None if within threshold (no trade needed).
Positive = buy perps, negative = sell perps.
"""
book_delta = self.net_book_delta()
if abs(book_delta) < self.hedge_threshold_btc:
return None # Within band, don't trade
# Target: net_options_delta + (current_perp + trade) = 0
# trade = -net_options_delta - current_perp
target_perp = -self.net_options_delta()
trade_qty = target_perp - self._perp_hedge_qty
return trade_qty
def record_hedge_fill(self, qty: float) -> None:
"""Update internal perp position after hedge fill."""
self._perp_hedge_qty += qty
The Mistakes Most Engineers Make
Mistake 1: Trying to subscribe to all instruments. Start with the active expiries and near-the-money strikes. Full universe subscription is only necessary for vol surface construction, and even then you can use mark price snapshots rather than full order book streams.
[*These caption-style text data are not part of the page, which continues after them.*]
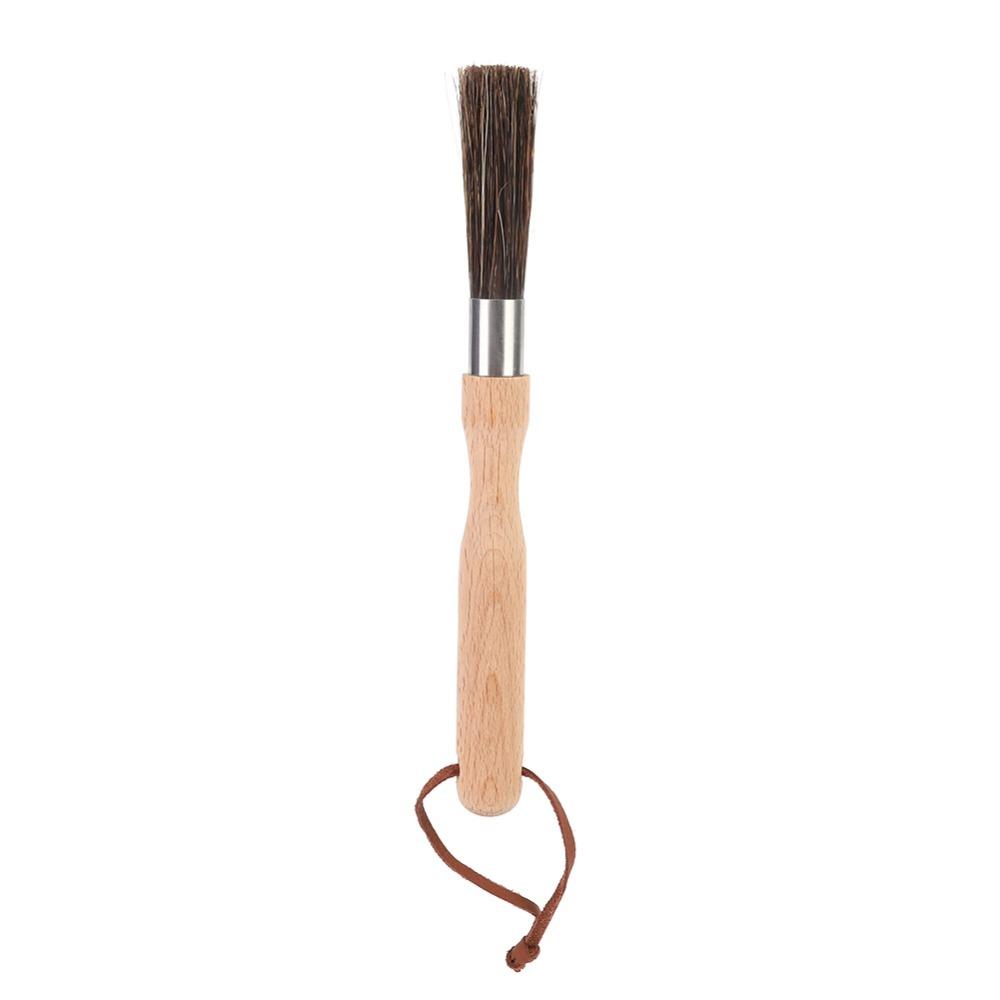 Wood Handle Coffee Machine Brush Stainless Steel Coffee Brush Accessories Coffee Grinder Cleaning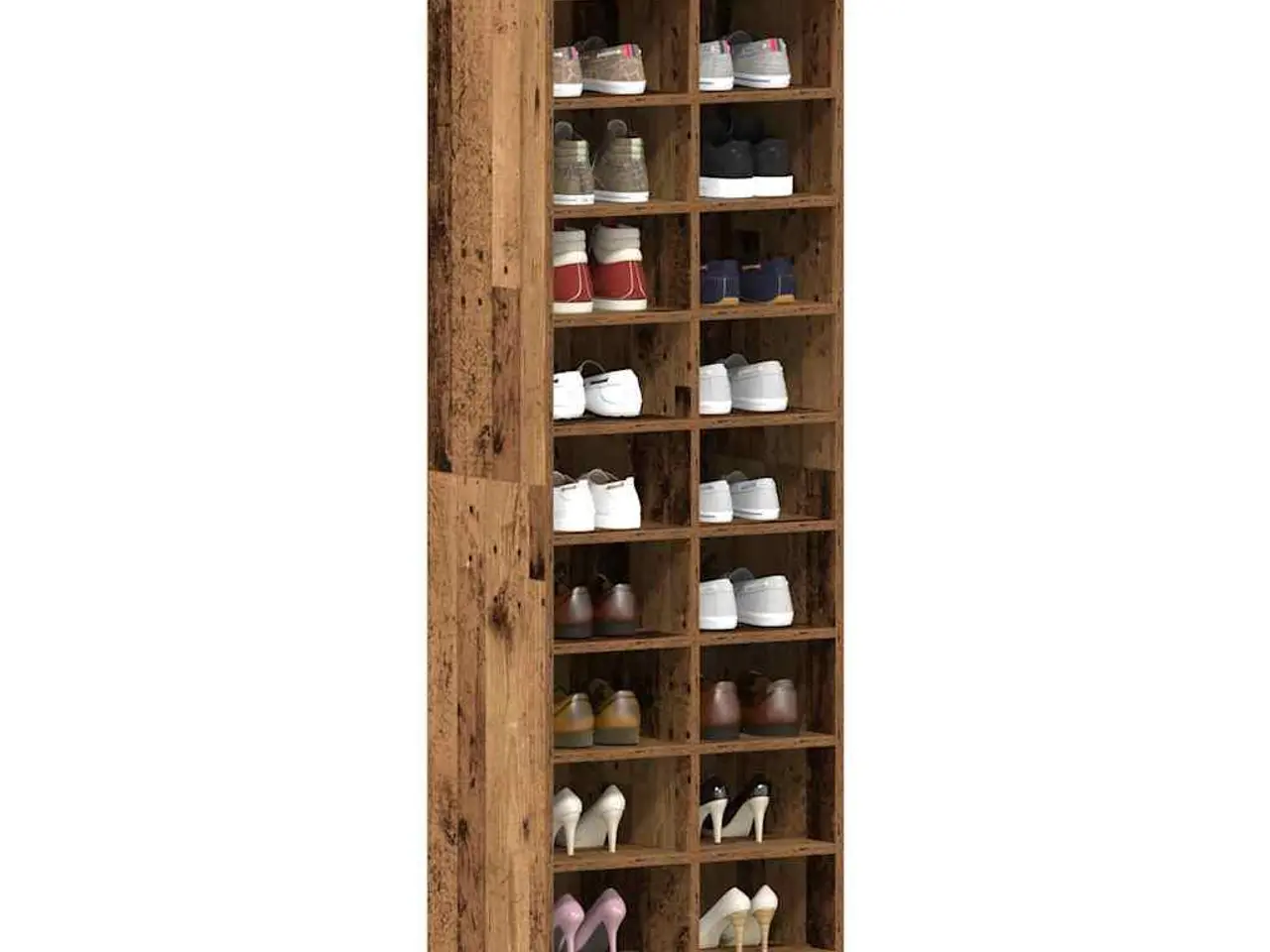 Billede 1 - Skoreol 54x34x183 cm konstrueret træ gammelt træ-look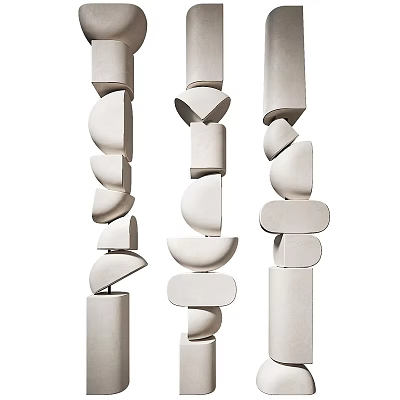 Abstract White Sculptures With Stacked Geometric Shapes And Vertical Design 3d model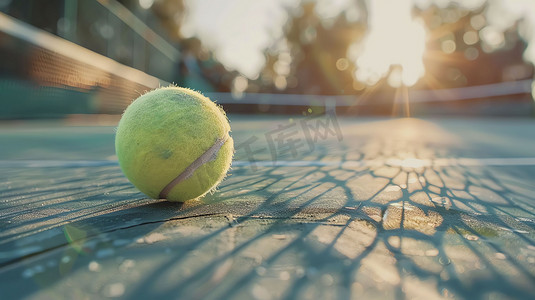 网球摄影照片_草坪白线网球运动摄影照片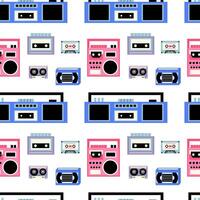 Classic 80s and 90s vector seamless pattern in flat style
Mistake 2: Using exchange-published Greeks without validation. Deribit’s Greeks are correct for their model, but your model may differ. Build a local Greek calculator using your vol model and compare against Deribit’s numbers. Large discrepancies indicate model differences that matter for hedging decisions.
Mistake 3: Not handling instrument expiry. Options expire. Your subscription list grows stale as new strikes are listed and old ones expire. Build an instrument lifecycle manager that refreshes the active instrument list every few minutes and resubscribes as needed.
Mistake 4: Delta hedging too frequently. Every hedge trade pays the bid-ask spread on the perp. If you’re gamma-negative and hedging on every tick, the transaction costs will exceed your theta income. Implement a cost-aware hedging policy with explicit band thresholds.
Mistake 5: Ignoring the term structure. Vega at different expiries is not fungible. A position that is vega-neutral across all expiries might still be significantly exposed to specific expiry IV changes. Your risk system needs vega bucketed by expiry, not just net vega.
The options infrastructure build is one of the most complex undertakings in trading technology. The data scale, the Greek aggregation, the delta hedging feedback loop, and the vol surface maintenance are each independently hard problems. If you’re serious about building in this space, start with Deribit’s WebSocket API, build the chain subscriber first, validate that your Greek aggregation is correct on paper positions, and only then connect to live execution.
The firms that are winning in crypto options - Wintermute, Paradigm, the quantitative prop shops - have been building this infrastructure for 3-5 years. The gap between a working prototype and a production options book is measured in years of edge cases. Build the foundation right.